By: Cole Miller
The drone discussion lands in the legislature's Judiciary Committee. It's been a controversial topic lately.
"If you have eyes in the skies, there's a lot of privacy that can be destroyed," Columbus senator Paul Schumacher said at Thursday's hearing.
He wants to pull the trigger before it's too late. By that, he means getting legislation passed to regulate the use of drones, in this case, flying robots with cameras.
"Over the last few years, drone technology has become a big thing," Schumacher said.
Under his proposal, the "Freedom From Unwarranted Surveillance Act," state and local law enforcement agencies would be prohibited from using drones to gather evidence of other information. If anything were collected in that matter, that evidence would hold no merit in a court of law.
Omaha senator Ernie Chambers supports the bill and the whole issue gets him fired up.

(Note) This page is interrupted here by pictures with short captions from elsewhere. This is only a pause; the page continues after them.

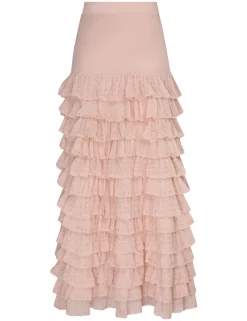 Luminosity Lace Frill Skirt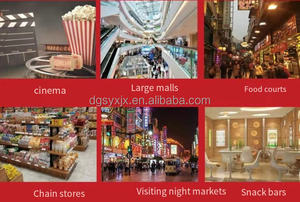 نموذج مسطح أواني اثنين التجارية الكهربائية وعاء مزدوج آلة الفشار غير لاصقة الفشار آلة كشك معدات الوجبات الخفيفة الترفيهية - Product Image 6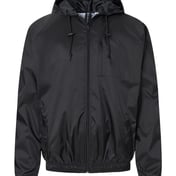 Front view of Mentor Hooded Coach’s Jacket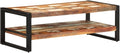 Coffee Table 47.2"x23.6"x15.7" Solid Reclaimed Wood, Side Table, Center Table by ROMHZKS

"This is the kind of activity cops cannot be trusted with," Chambers said.
He went on to say that many police officers would simply 'toy around' with the technology, only fueling what he calls irresponsible behavior.

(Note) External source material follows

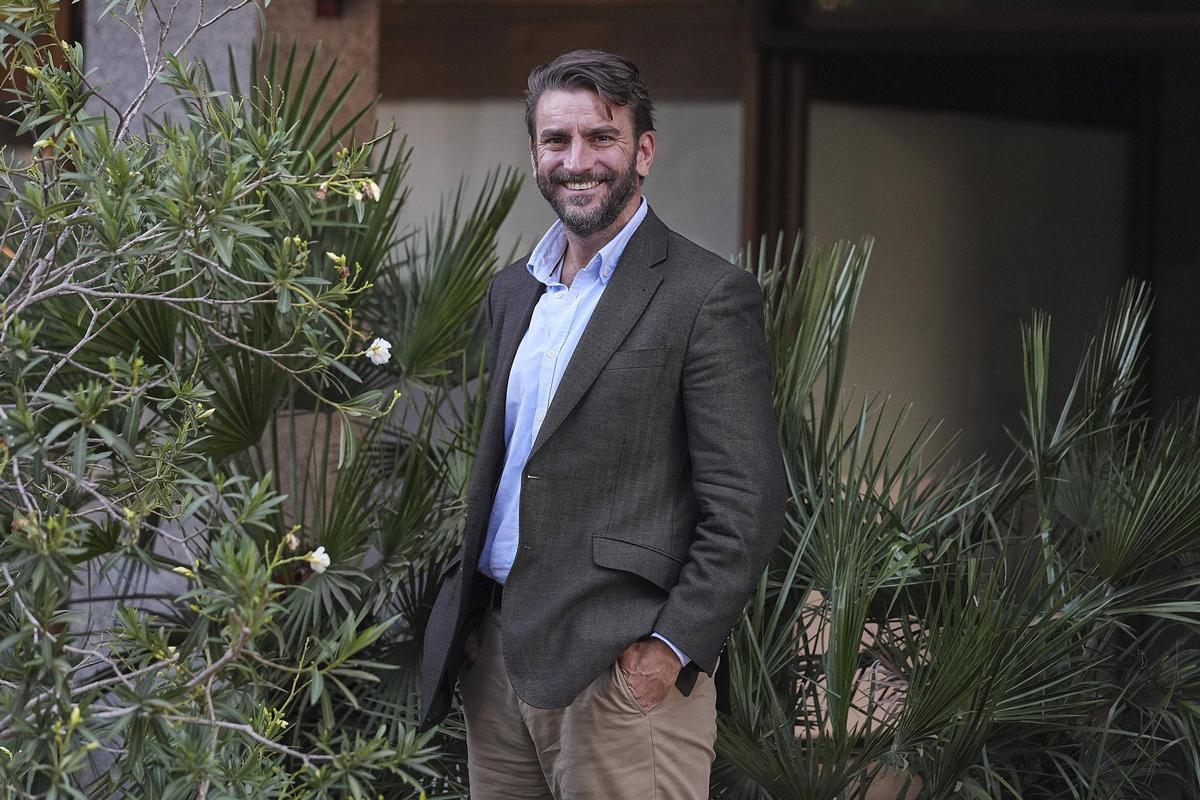 Pablo de Ramón-Laca, president executiu de Cesce, durant la seva visita a Girona.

"The ones on the street that we deal with are rotten, and if it weren't true, I wouldn't say it."
Schumacher, however, says he's leaving the door open on this bill, allowing for certain exceptions down the road.
"There may very well be a list of exemptions where the legislature says, 'Okay, you made your case, law enforcement,'" Schumacher said. "In an active crime scene, to protect an officer, it's legitimate, or to search for a lost child."
The committee took no immediate action on the bill. Chambers says he will do just about anything in his power to get this discussion to the floor.